* **PROBLEM**
Every line of the listing below from the one with "Voyage au pays" up to and including the one with "Image result for Oak Tree Species Leaves" should be retyped exactly, and nothing else; pictures are not part of the copy.

* **INPUT FOR THIS TASK**
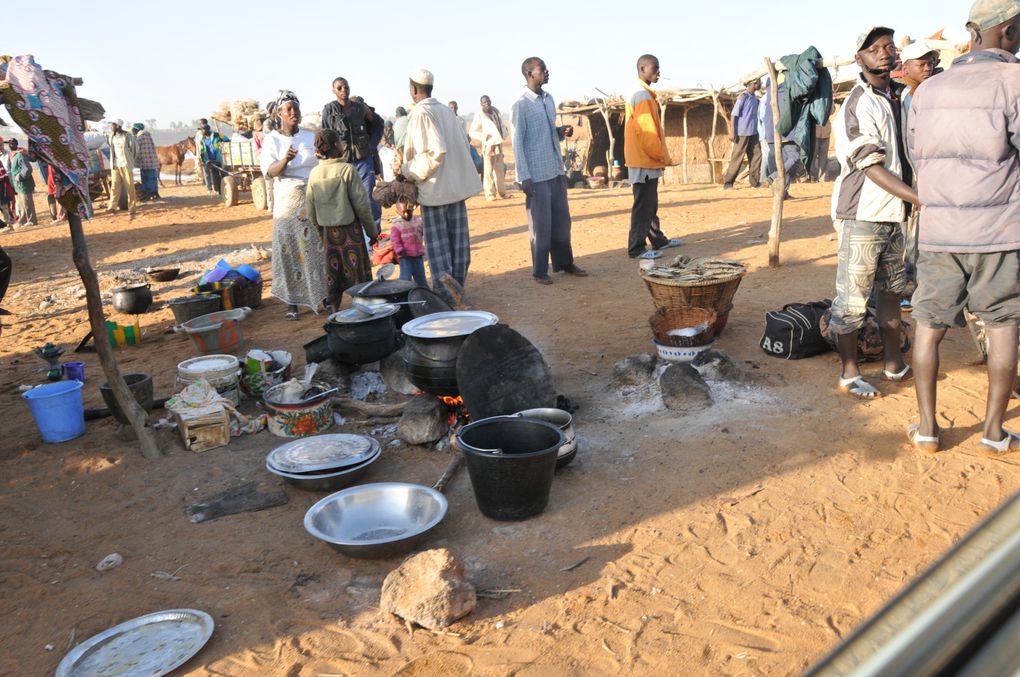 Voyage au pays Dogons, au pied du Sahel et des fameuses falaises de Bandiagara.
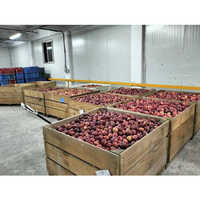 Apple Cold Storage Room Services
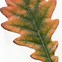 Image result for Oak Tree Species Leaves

* * *

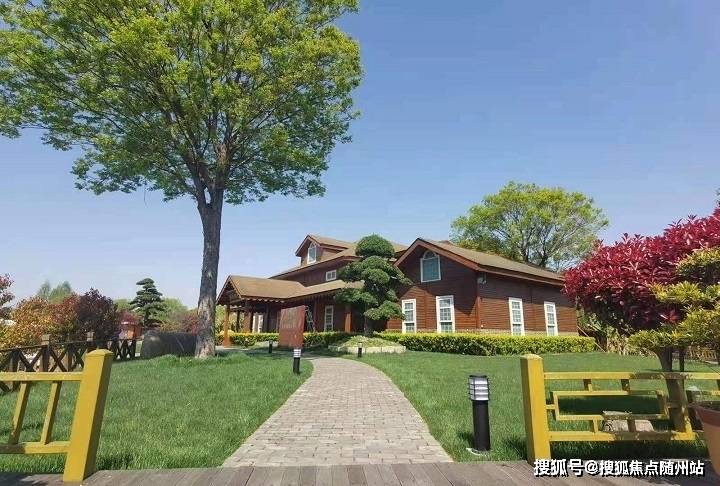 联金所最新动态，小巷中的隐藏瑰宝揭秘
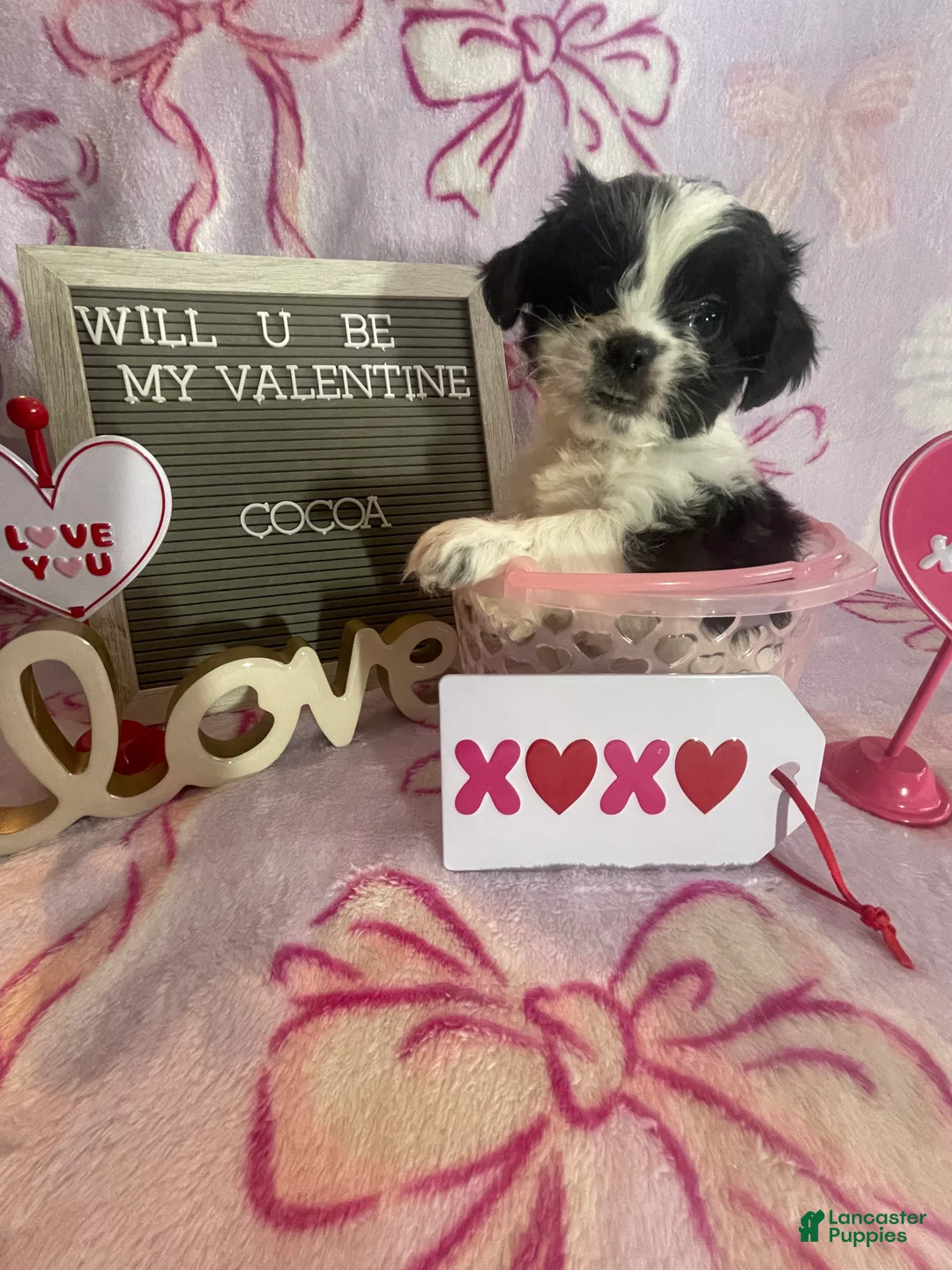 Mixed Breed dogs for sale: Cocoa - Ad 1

==

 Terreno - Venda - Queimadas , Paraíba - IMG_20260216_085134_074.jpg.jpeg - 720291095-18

* **PROBLEM SOLUTION**
 Voyage au pays Dogons, au pied du Sahel et des fameuses falaises de Bandiagara.
 Apple Cold Storage Room Services
 Image result for Oak Tree Species Leaves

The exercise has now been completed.